A en croire les papiers au vitriol parus dans la presse ses derniers jours agrémentés de photographies peu flatteuses, la campagne promet d'être féroce : François Hollande donnerait trop d'interviews selon les journalistes et, plus inquiétant, selon certains de ses ministres. Pire, ce serait presque devenu une corvée de le rencontrer tant il se serait converti en commentateur de sa propre action, lassant à l'envi les visiteurs venus le voir. A ceci près que n'importe quel journaliste accepterait de bonne grâce une interview du président. Je les défie de refuser.

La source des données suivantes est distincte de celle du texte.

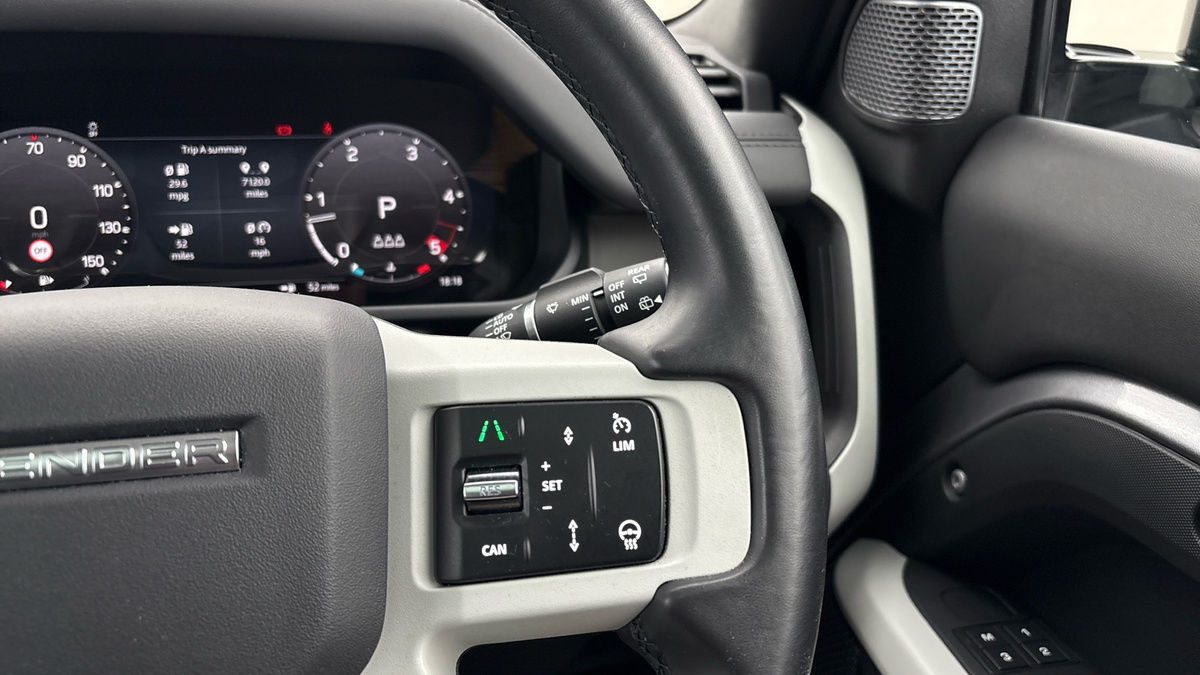 Land Rover Defender 110 Urban Image 14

François Hollande, commentateur de sa propre histoire
Il y a un an de cela, j'avais écrit un papier intitulé "François Hollande ou l'art de faire la com' de la com'". Qu'on ne s'y trompe pas, François Hollande n'est pas "l'homme sans com'" décrit par Denis Pingaud. Le livre "Conversations privées avec le président" de Karim Rissouli et Antonin André le met particulièrement bien en exergue. Tout est sujet à dissertation en matière de communication. La loi travail ? Une erreur de communication de Manuel Valls. Les journalistes ? "Même un bon journaliste, on peut toujours le guider, l'orienter. C'est le jeu. (...) D'autant que le journaliste est contraint : il doit faire un papier dans un délai très court avec souvent des informations parcellaires. Il suffit donc de lui donner le bon angle, la bonne approche, et la bonne information, parfois même une information bidon, ça fonctionne» affirme-t-il. Derrière ce livre qui se veut un bilan avant l'heure pour évacuer l'épineuse question avant la rentrée, François Hollande essaie non de convaincre sur le bien fondé de son action et de ses convictions, mais de s'auto-analyser. Et c'est bien cela qui est perturbant. Exit les plans de bataille, bonjour les plans de communication.

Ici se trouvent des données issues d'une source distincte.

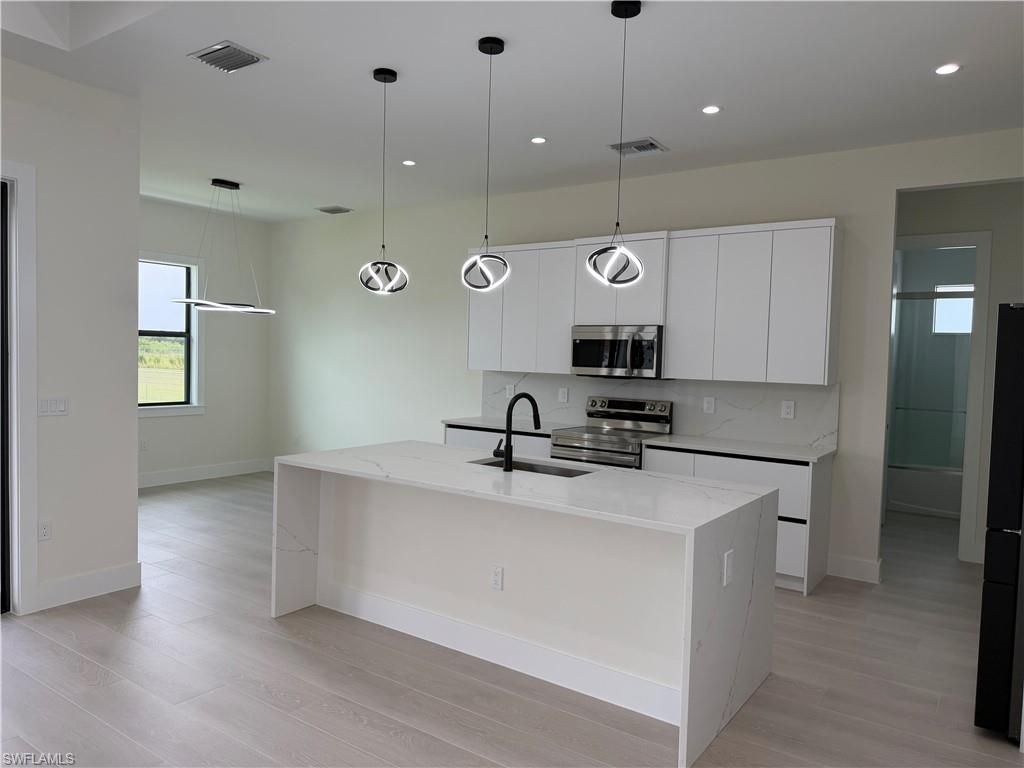 3806 NE 60th Ave , Naples, FL 34120 Photo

François Hollande, prisonnier de son temps
En ce sens, François Hollande s'inscrit dans une logique éminemment contemporaine qui traduit un rapport au temps complexe. Lui qui communique de plus en plus sur les réseaux sociaux de types Snapchat ou bien encore Instagram pour s'inscrire dans l'instantanéité, il est le premier président de la "timeline". Et même s'il est question d'interviews accordées pour la parution de livres aujourd'hui, le président agit et commente en direct dans un jeu de dédoublement permanent se présentant tout à la fois acteur et spectateur. Le silence lui est devenu suspect. Tout est communication. Il a revêtu cette "peau médiatique" et donc "numérique" que nous connaissons bien, nous autres internautes lambdas. Nous sommes devenus des acteurs et commentateurs de nos propres vies, devenant par là même prisonniers de nos "moments mémorables", qui, tels des tatouages inscrits sur notre peau numérique, affirment aux yeux de nos pairs qui nous sommes et d'où nous venons. Jamais où nous allons. Le rapport au temps n'est plus apaisé, mais exalté, Facebook ne manquant pas de nous rappeler le passé. Constamment en représentation, nous avons peur du vide. Pas de cap, plus de vision, pas d'introspection de peur de ce que nous pourrions découvrir. Le bruit et la fureur.